# diyan



## Seb_K

What is "diyan" and what is the usage of this word?


----------



## tanzhang

Diyan means there...

Naan Diyan means It is right there...

You can pronounce Diyan like this "jan"


----------



## Qcumber

Seb_K said:


> What is "diyan" and what is the usage of this word?


Seb, you probably have heard of the concept of grammatical focus applied to Tagalog.
There are three focus-related markers in Tagalog: _ang, sa, ng [nang]._
*Ang* is the focus marker; *sa* is the prepositional marker; *ng [nang]* is the non-focus marker. I won't use the abbreviation *ng* for *nang* in what follows.

Any nominal phrase must begin with one of these markers.
Let's translate: *"The teacher gave a book to the child."*
vocabulary: _bigáy_ "give", _títser_ "teacher",_ libró_ "book", _bátà_ "child".

1) focus on _títser _"teacher"
Nagbigáy *ang títser* nang libró sa bátà.

2) focus on _libró _"book"
Ibinigáy nang títser *ang libró* sa bátà.

3) focus on _bátà _"child"
Binigyán nang títser nang libró *ang bátà*.

Demonstratives follow the same system except that the marker is integrated into the word as a grammatical morpheme.
e.g.: iyán "that"

ang marker: *{ang + iyán} > *iyán*
Anó iyán? = What's that?
cf. Anó ang pangálan mó? = What's your name?

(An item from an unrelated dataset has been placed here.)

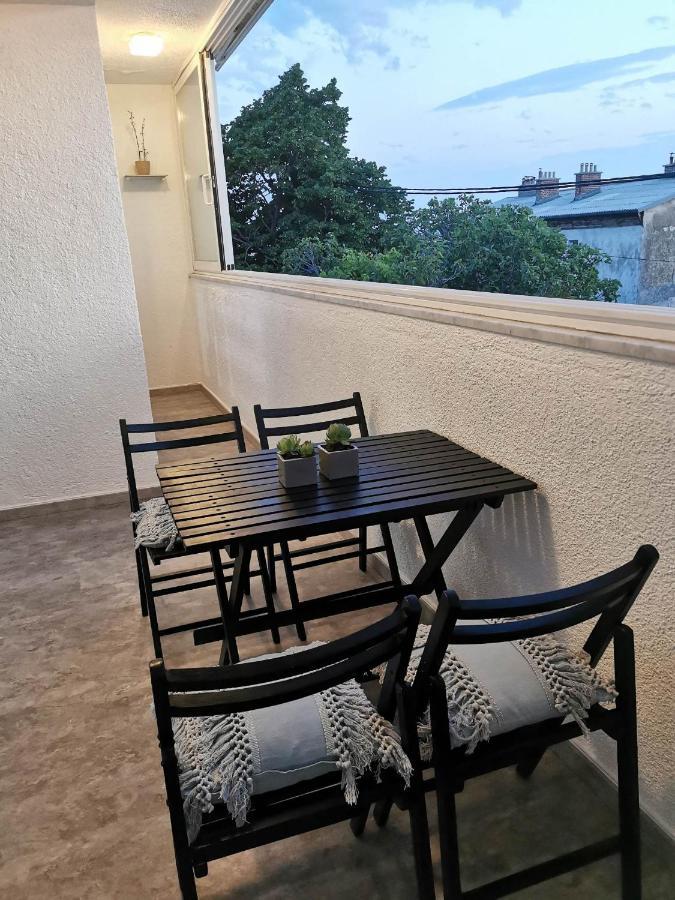 Guesthouse Nadia セニ エクステリア 写真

nang marker: *{nang + iyán} > *niyán *
Síno ang may-árì niyán? = Who is its owner? < Who is the owner of that?
cf. Síno ang iná nang bátà? = Who is the child's mother?

Bákit ganiyán? = Why is it like that?
cf. Bákitgalakí nang elepánte ang kalabáw mó? = Why is their buffalo as big as an elephant?

sa marker: *{sa + iyán} > *diyán*
Anó ang táwag diyán? = What is it called? < What is that called?
cf. Anó ang táwag sa táong gumawâ nang sapátos? = What do you call a person who makes shoes?


----------



## Seb_K

Oo ... I do understand!

Thanks!


----------